**Input data**
=====

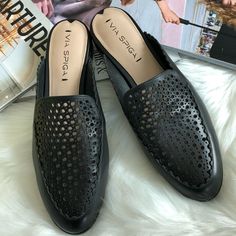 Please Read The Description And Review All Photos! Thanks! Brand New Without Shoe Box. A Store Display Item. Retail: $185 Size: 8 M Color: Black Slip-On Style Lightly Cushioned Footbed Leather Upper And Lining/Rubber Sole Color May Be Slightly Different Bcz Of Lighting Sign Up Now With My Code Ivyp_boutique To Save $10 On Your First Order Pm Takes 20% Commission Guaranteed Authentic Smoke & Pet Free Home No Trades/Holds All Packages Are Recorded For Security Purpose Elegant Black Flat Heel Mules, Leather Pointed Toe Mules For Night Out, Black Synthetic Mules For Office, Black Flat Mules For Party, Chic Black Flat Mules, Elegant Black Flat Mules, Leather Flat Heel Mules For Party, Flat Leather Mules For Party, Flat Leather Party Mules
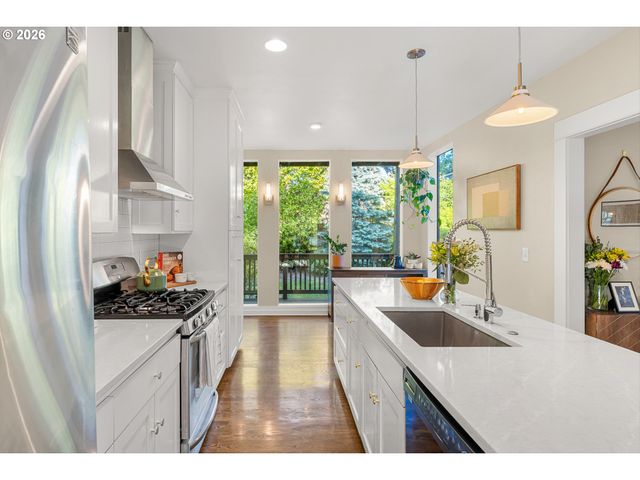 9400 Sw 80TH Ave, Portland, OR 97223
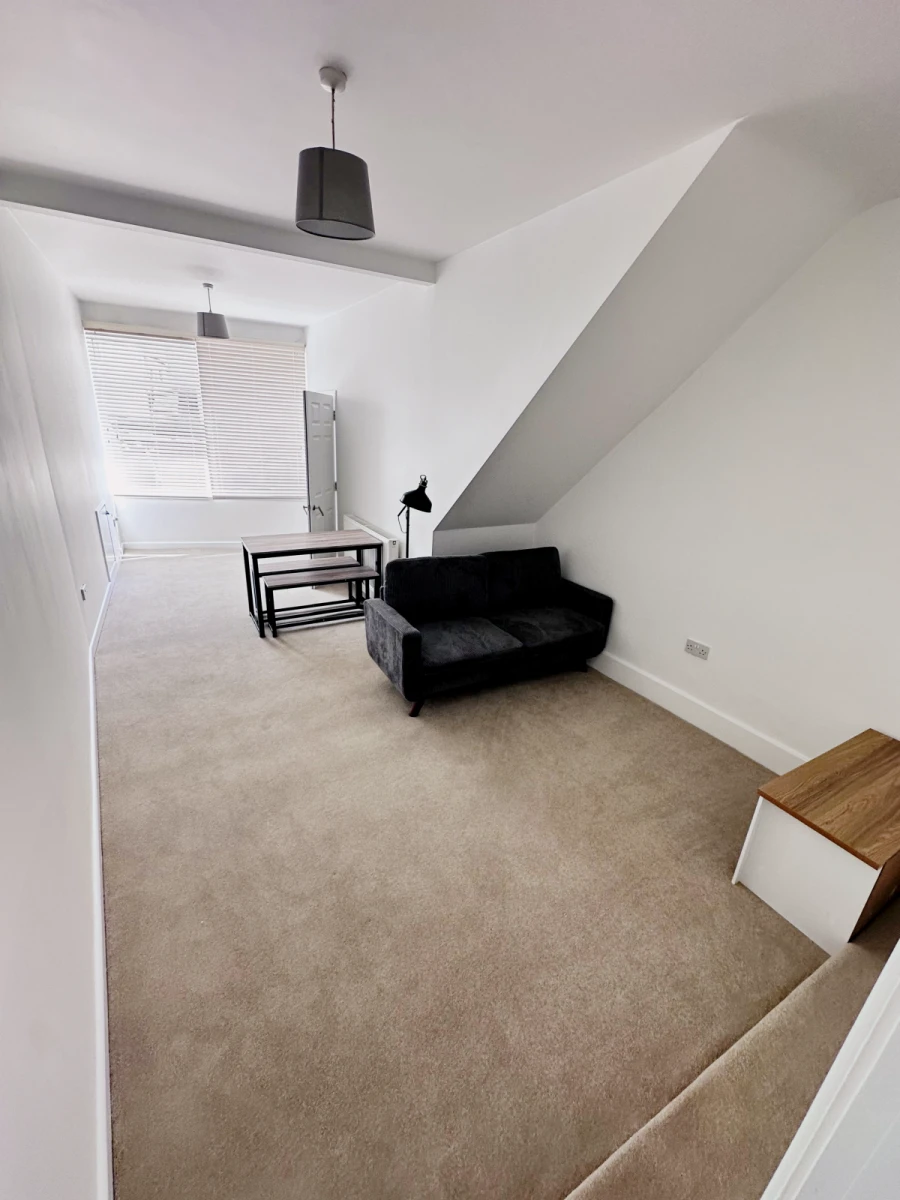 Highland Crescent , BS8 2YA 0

=====

**What to do**
With the pictures excluded, restate word for word each line from the one that contains "9400 Sw 80TH Ave, Portland, OR 97223" through the last line of the listing above.

**Answer to this problem**
 9400 Sw 80TH Ave, Portland, OR 97223
 Highland Crescent , BS8 2YA 0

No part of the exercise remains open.